Vertically integrated Chinese solar company Yingli Green Energy generated revenue of RMB 12,927.4 million ($2,083.5 million) in 2014, achieving a gross profit for the year of 53.4% on the back of soaring module shipments into the worlds leading solar markets.
Last years revenue actually came in slightly below that achieved in 2013 (which was RMB 13,418.1 million) due to a decline in revenues from the sale of PV systems caused by falling costs. However, the overall picture for the year was rosy, with profits hitting $360.7 million and losses down to just $34.7 million, equating to a negative 1.7% operating margin.
The fourth and final quarter of 2014 saw the company end the year strongly, with revenue of $555.5 million an increase on Q3, although slightly below Q4 revenue for 2013. Module shipments rose from 903. 4 MW in the third quarter of last year to 939.2 MW in Q4, well in line with Yinglis previous guidance.
Profit for Q4 was RMB 578.7 million ($93.3 million), a notable year-on-year increase in Q4 2013, profit hit RMB 451.7 million. Gross margin was 16.8% for the fourth quarter, with operating expenses way down year-on-year: in 2014, fourth quarter operating expenses were just RMB 778.7 million ($125.5 million), compared to RMB 1,045.9 million in Q4 2013.
Downstream development and outlook
Yinglis efforts to increase its downstream portfolio took a huge step in 2014, the company ending the year with more than 1.6 GW of PV projects in the pipeline at different stages of development right across China.
There were 73.7 MW of PV modules shipped in China for its own PV projects, adding to the total number of 260.6 MW of modules shipped over the course of 2014 for use in Yingli-backed PV installations.
In 2015, downstream shipments are forecast to reach anywhere between 400 to 600 MW, with a similar amount of PV forecast to be connected to the Chinese grid by Yingli this year.
Looking ahead, the company expects to ship PV modules in the range of 3.6 GW to 3.9 GW globally, an increase of between 7.1% to 16% compared to 2014.
"We are pleased to conclude another solid year in 2014, with full year module shipments hitting a record high of 3.3 GW and full year gross margin increasing to 17.3% from 10.9% in 2013, which was mainly attributable to our continuous efforts to diversify our market presence, reduce manufacturing cost and improve our profitability," said Yingli Green Energy chairman and CEO Liansheng Miao.
Miao added that Yinglis success continues to mirror the general growth of the global solar industry, with strong demand for its modules evident in its domestic market of China, as well as Japan, the U.S., Europe and other emerging markets.
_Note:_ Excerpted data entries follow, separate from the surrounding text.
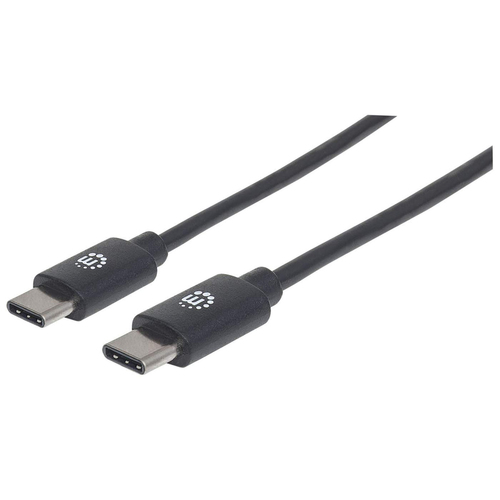 Cable USB Manhattan USB-C a USB-C, 60W, 480 Mbps, 1 Metro, Negro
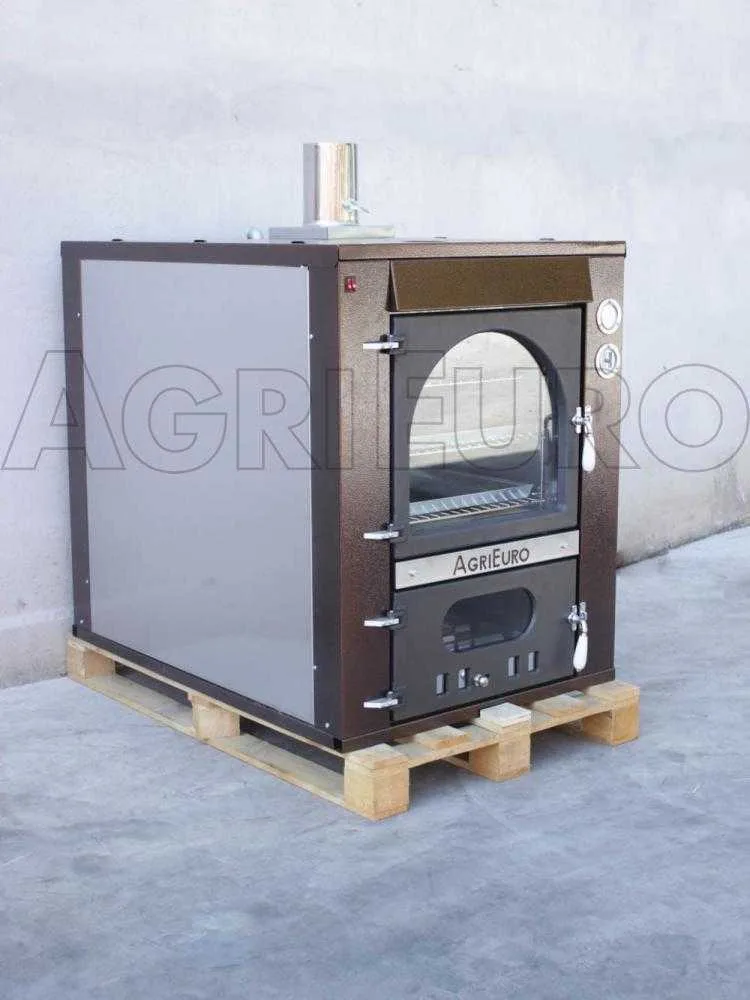 AgriEuro Magnus 100 Deluxe INC - Four à bois en acier encastrable - Cuivre émaillé - Inox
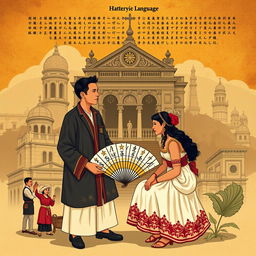 An artistic representation of the history of the Filipino national language and the impact of colonialism during the Spanish era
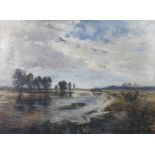 INDISTINCTLY SIGNED (XIX). Impressionist river landscape, 1899.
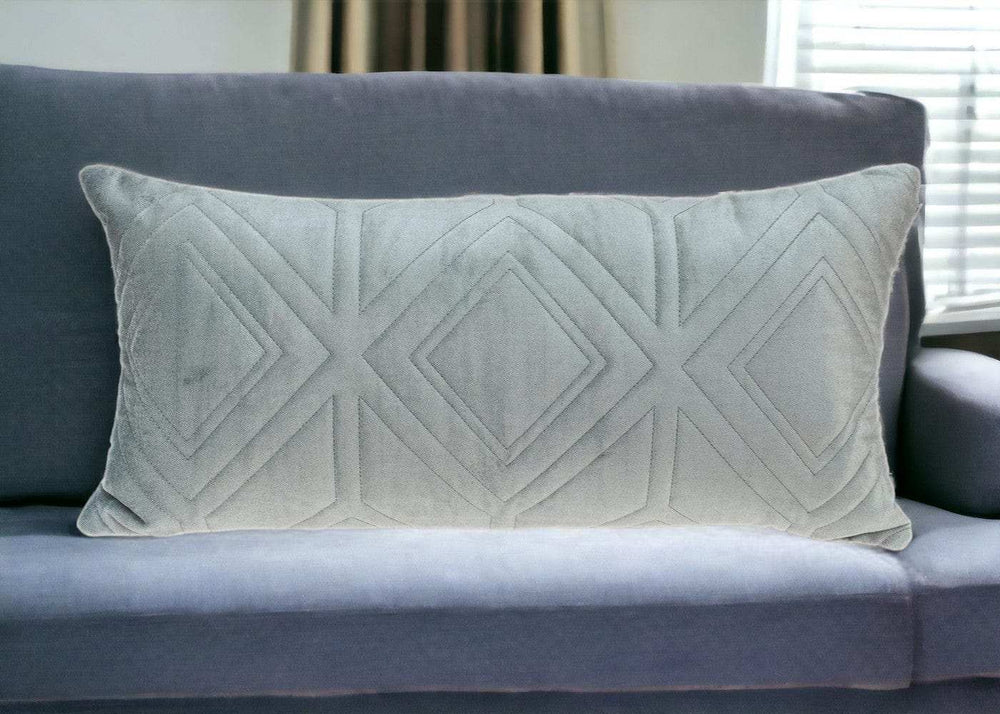 Gray Quilted Diamonds Velvet Solid Color Lumbar Pillow - Homeroots - Flyclothing LLC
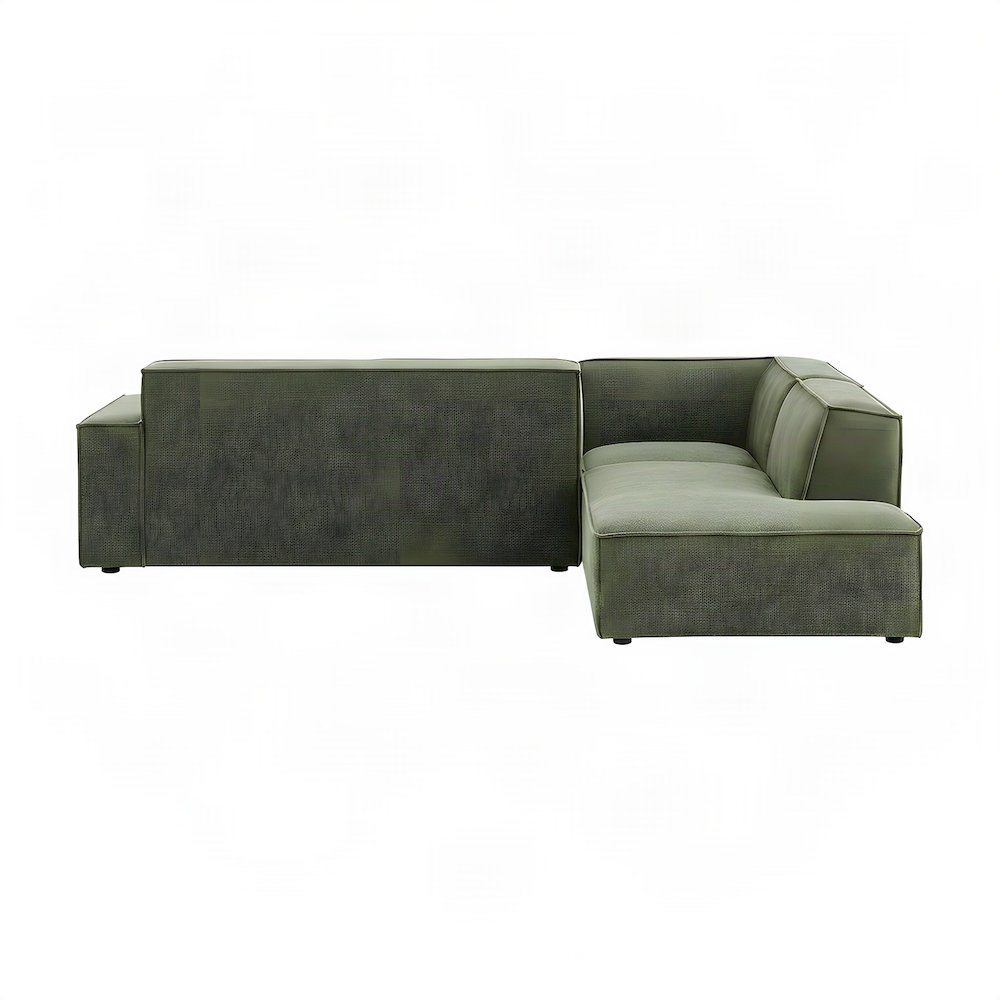 Performance Fabric Modular L-Shaped Sectional Couch, Set of 3, Foliage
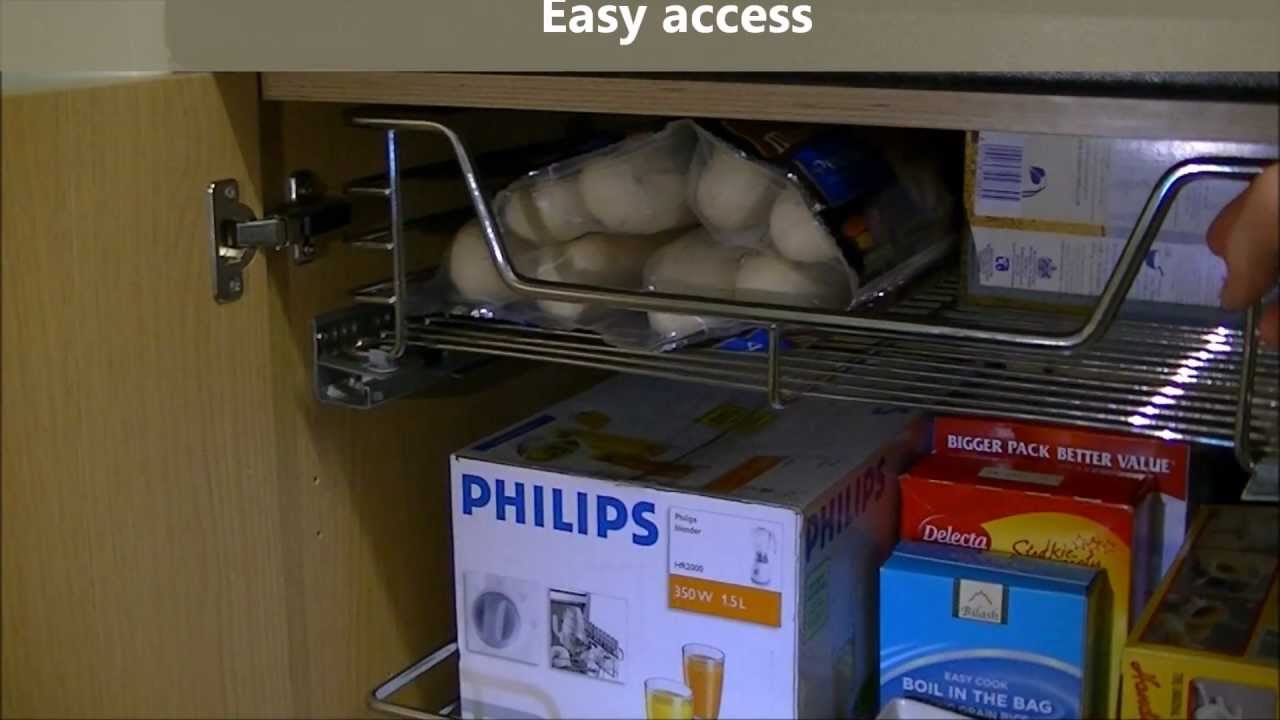 Soft Close kitchen pull out Wire Basket with blumotion Maxima. Instalation and presentation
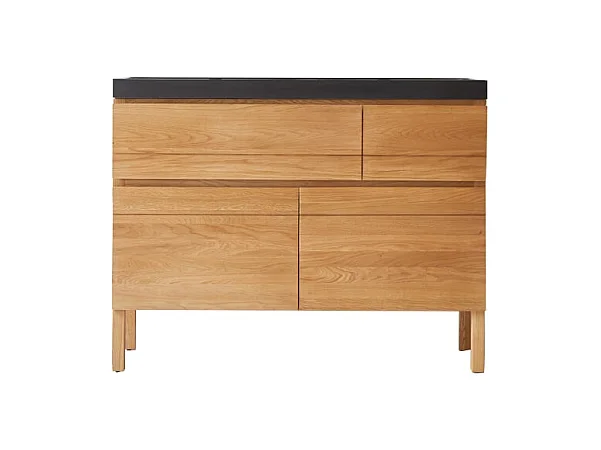 Mobili da bagno in quercia con lavabo in pietra lavica Easy 120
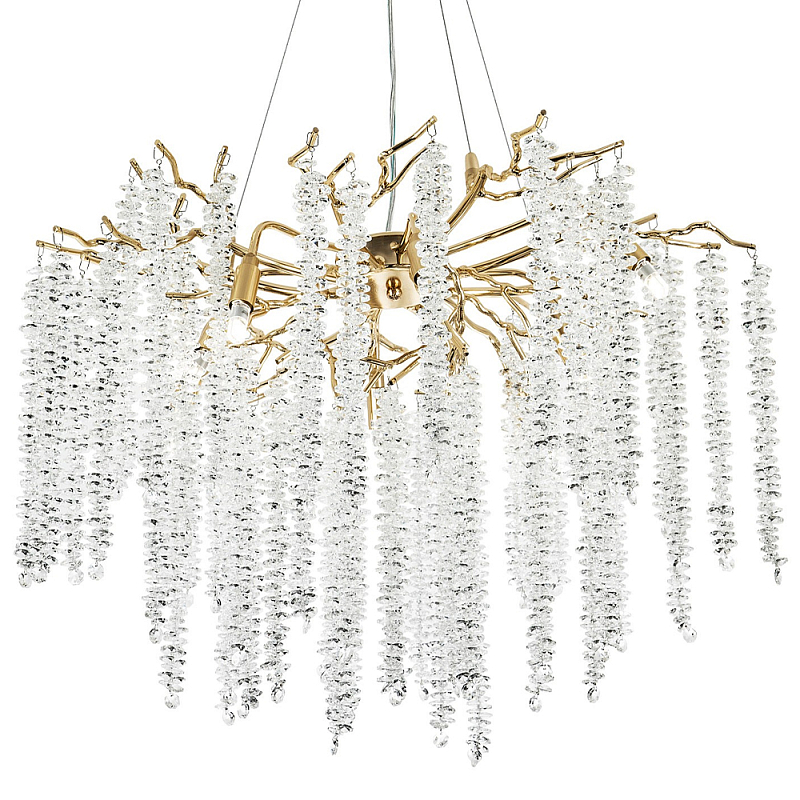 Люстра с декором в виде ветвей с хрустальными подвесками Fairytree Gold Crystal Chandelier 8 Золотой Прозрачное Стекло Люстра с декором в виде ветвей с хрустальными подвесками Fairytree Gold Crystal Chandelier 8 Золотой Прозрачное Стекло в Самаре | Loft Concept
China accounted for 37% of the companys total module shipments in 2014, while demand from Japan grew 50%. "In the U.S.," Miao revealed, "we had a solid year, notwithstanding the uncertainty brought by the new trade case."
Europe continued to play an important role, the CEO said, while new and emerging markets such as South Africa and Latin America proved profitable for the company with 490 MW shipped to these markets, representing a 90% year-on-year increase. "Given our strong brand recognition and high-quality PV modules and services, we became the sole solar panel supplier for the largest solar power projects in Malaysia, Bolivia and Honduras," said Miao.
The CEO added that the company is encouraged by the news that Chinas National Energy Administration (NEA) has increased the countrys official solar installation target to 17.8 GW for 2015, adding that Yingli is "well positioned to seize this great opportunity".